A Climate Answer to Project 2025

Evergreen Action has a wishlist for the Harris administration, should it come to that.

Kamala Harris.
Heatmap Illustration/Getty Images

It has been a strange year for the climate left’s relationship with the word “if.” Over the past several months, some activists and advocates had begun to use the word with me in such a way that it started to sound an awful lot like “when.” If Donald Trump is reelected… If Republicans return to power…

The tone wasn’t hypothetical; it was resigned.

In the past week and a half, however, “if” has gotten its mojo back. Early this morning, the climate policy group Evergreen Action released what it’s calling the “Evergreen Action Plan 2.0” — essentially, a green wishlist for an incoming Democratic administration. Had the document been published a month earlier, after President Biden’s disastrous debate performance, it might have come across as vaguely farfetched; now, judging by the polls, there’s a real chance that some of its proposals could actually become law in 2025.

Started by former staffers of Washington Governor Jay Inslee’s presidential campaign, Evergreen Action has advised Kamala Harris on her climate policies before. The group also boasts that the Biden-Harris administration has made progress on 85% of the policy recommendations issued in its original 2020 Evergreen Action Plan. Although Evergreen Action doesn’t hold the same sway over a future Harris administration as the Heritage Foundation’s Project 2025 does over Donald Trump (to his apparently increasing concern), it does seem pretty safe to say that Evergreen Action 2.0 has the potential to be an enormously influential document in a Harris White House.

So — what’s in it?

Unsurprisingly, the Evergreen Action Plan 2.0 aims to extend the gains made by Biden’s administration and the Inflation Reduction Act — the words “continue” or “continuing” are used 43 times in the document, “further” 38 times, and “expand” or “expanded” 28 times. The plan is broken into seven core strategies that are broadly framed around climate, jobs, and justice, including “Cementing a Clean and Effective National Grid,” “Promoting Healthy Communities With a Modern Transportation System,” “Achieving Healthy Neighborhoods With Zero-Emission Homes and Commercial Buildings,” and “Supporting All Communities to Build a Thriving Clean Energy Economy and Move Away From Fossil Fuels.”
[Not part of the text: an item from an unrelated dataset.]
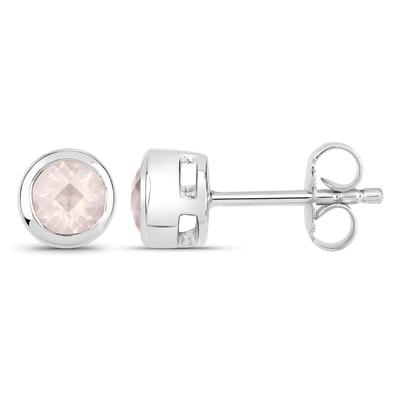 Paar Ohrstecker VIRA JEWELS "925-Sterling Silber rhodiniert glänzend Rosenquartz rosa rund", weiß (weiß, rosa), Ohrringe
Within these sections, stand-out proposals include:

  • Setting a first-of-its-kind federal clean energy standard to fully decarbonize the grid by 2035.
  • Passing a “national grid law creating an inter-regional transfer capacity and shared grid management entity” in order to “align federal authority to manage and site necessary transmission, and … ensure full uptake of valuable IRA incentives for clean energy.”
  • Finalizing carbon limits for existing gas plants “no later than the end of 2025” and ideally by December 2024.
  • Issuing an industrial decarbonization Day 1 Executive Order that commits the country to a “rapid decarbonization strategy for each industrial category.” Such an order could help “prioritize innovation projects … leading to the development of regional hubs for industrial decarbonization,” spur the EPA to begin a “standard-setting process to tackle industrial climate pollution,” and encourage the agency to further use grants, Superfund, and planning and permitting programs to “accelerate the deployment of clean industrial technologies and repurposing and clean up legacy industrial sites.”
  • Joining an international “carbon club via legislation that “adds duties or fees to imports of similar goods produced using high-carbon methods in other countries.”
  • Focusing on building out a zero-emissions freight sector by issuing “clear standards to help decarbonize sources like trains, freight facilities and ports, off-road vehicles, ships, and planes.”
  • Adopting a “climate test” to guide all federal energy extraction decisions; cutting subsidies and statutory loopholes for fossil fuel companies; ending exports of liquefied natural gas; withdrawing East Coast waters from oil drilling, and more.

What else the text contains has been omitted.